Meatworkers Union organiser Eric Mischefski has hailed the handling of the closure of the Ovation meatworks boning plant at Waipukurau, with the loss of more than 300 jobs, as a "model for the rest of the industry to follow".
He said the quick decision, high level of communication and support offered, had allowed workers to move on with their lives with dignity.
After consulting with the union, the closure was made official on June 29 and 306 redundancy payments would be made on July 6.
A resource centre was set up in the EIT Learning Centre in Waipukurau to provide advice and support for workers.
Mr Mischefski said the union would direct workers to good employers offering jobs and about a dozen had been hired already.
Many were expected to find jobs with Silver Fern Farms meatworks in nearby Takapau, which employed up to 1000 workers at the height of the season, or at Ovation's Feilding plant.
The Waipukurau plant was originally a joint venture in 1985 between the New Zealand Meat Board and Bernard Matthews, a successful turkey farmer in the UK, to bone out lamb carcasses for the production of lamb roasts.
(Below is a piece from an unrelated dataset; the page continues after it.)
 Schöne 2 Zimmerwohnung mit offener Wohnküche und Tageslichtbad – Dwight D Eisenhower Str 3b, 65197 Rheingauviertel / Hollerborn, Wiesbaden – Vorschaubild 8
That was when the national sheep kill was much higher and lamb carcasses were being rendered for meat and bone meal.
It was bought by a group of local investors in 1994 who had the rights to use the name Bernard Matthews for five years after which it rebranded to Ovation. The company operated two other sites in Gisborne and Feilding.
Recent carcass supply came from Ovation's Feilding plant and an independent supplier in Hastings, which had said it would bone its own carcasses.
The company had strong markets in Europe, USA, and Asia.